I was just wondering if any of you would care to share your experiences?


----------



## Greenie (Jan 26, 2016)

You're looking at an average 2-3 rides per hours during the busy time which is 7-10am and 4-11pm, other times it's just dead hours. Friday and Saturday nights are pretty decent consistent rides and weekends are good. I've given you the time. It's really up to you to figure out the math from when you can driver. If you're already approve on the Lyft platform, they will tell you what rental program you qualify for. Click your face pic on left top and choose vehicle. From there chose add vehicle and it will link you to an add page. Check the rental offers because not everyone gets the some offers!!! 75 rides in doable but your looking at at least 30 hours a weeks


----------



## SailingWithThe Breeze (Feb 22, 2017)

Greenie has pretty much hit the nail on the head. You’ll have to drive around 30-34 hours a week, with the majority of that time during the busy hours. And don’t forget, you’ll need to do that on a consistent basis, without fail.

When figuring out if it is worth it for you, don’t forget that you’ll lose the standard mileage deduction of 53.5 cents per mile when renting a vehicle, so you’ll be paying a lot more in taxes. Be sure to factor that into the equation as well.

For most people (not all), renting long-term is not a good financial decision. However, I totally understand your desire to not destroy your new car...and you are correct, it will destroy your new car. Honestly, the best move financially when driving for any TNC is to buy a used car in the $4,000-$5,000 range that has a history of reliability and good gas mileage...and then maintain it well and run it into the ground. You see, on the UberX or regular Lyft platform, everyone gets paid the same whether or not you drive passengers in a $20,000 vehicle or a $5,000 vehicle. So the best way to maximize earnings it to tightly control your assets (vehicle) and get very, very smart on your taxes. If done correctly, it is possible (and completely legal) to pay zero taxes on all of your TNC income.

With all of this being said, I realize not everyone can go out and buy a $4,000 vehicle to use for rideshare.
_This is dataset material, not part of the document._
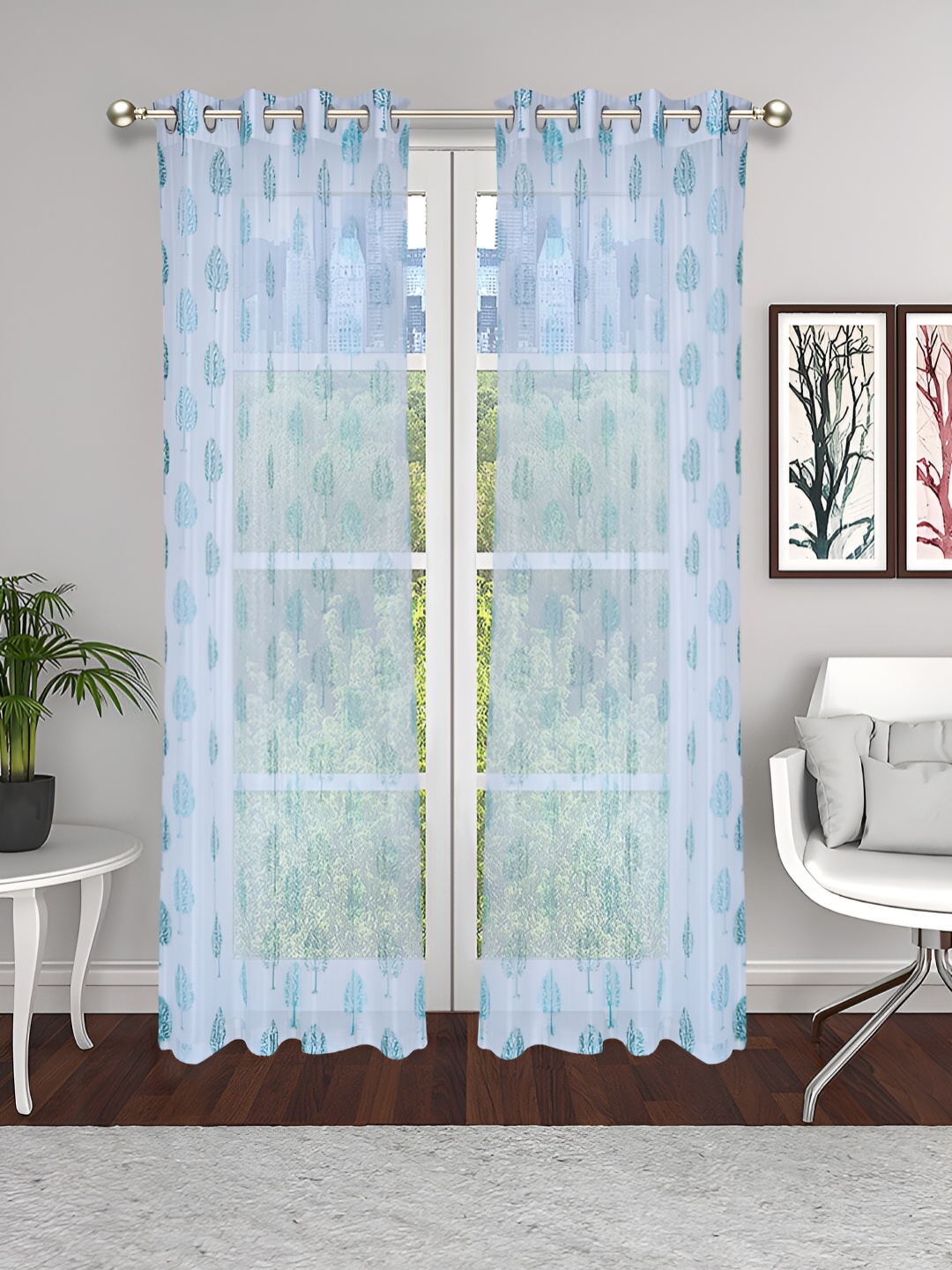 

THE CONVERSION Blue 2 Pieces Floral Lightweight Tissue Sheer Long Door Curtains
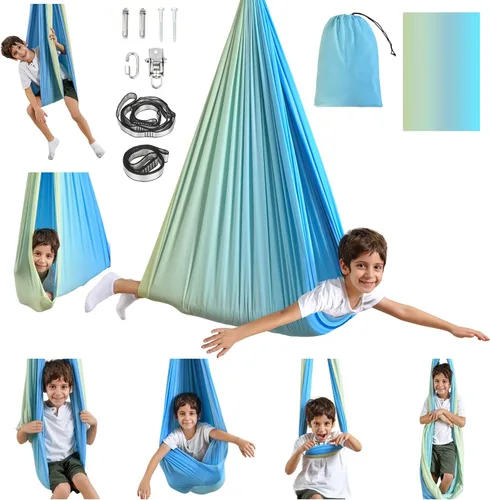 Vista 8 de Columpio Sensorial, Columpio Sensorial para Interior y Exterior para Niños y Adultos, Columpio de Abrazo de Doble Capa para Terapia para Niños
Sometimes, renting a vehicle and then saving towards that $4,000 car might be the best option.


----------



## bad089 (Mar 7, 2017)

SailingWithThe Breeze Thanks, that was helpful!


----------



## Luber4.9 (Nov 25, 2015)

bad089 said:


> Hey guys,
> 
> Any of you do the rental program?
> 
> ...


It would better to flip burgers, unfortunately.


----------



## Adieu (Feb 21, 2016)

A PDB beater might serve this person better, what with SF's huge bonuses

Extra, what, $375/week, and mileage deductions.... amount to another $1000 / week or more.


You could be running a brand new Maserati and still end up better off than renting


----------



## Nuke (Dec 18, 2014)

Don't do it. You could get around their 90% acceptance rate requirement for a free rental by skipping but now it is gone. Just get a a 2006 Kia Rio for $2000 from craigslist and drive it till it dies.


----------



## Jermin8r89 (Mar 10, 2016)

If you do this just know you have to be on your game. Be a lyft servant strive to make sure you dont get complants and be a lyft shill. Just know you should do this for no longer then 2 months. As you will be washed out as you gotta drive your wheels off. Make sure you know what you want to do afterwards. I did it for 2 months straight of 12 hours each day. 

I used the money for my own car and CDL license so i did something better afterwards.

Work hard work smart and have a goal.


----------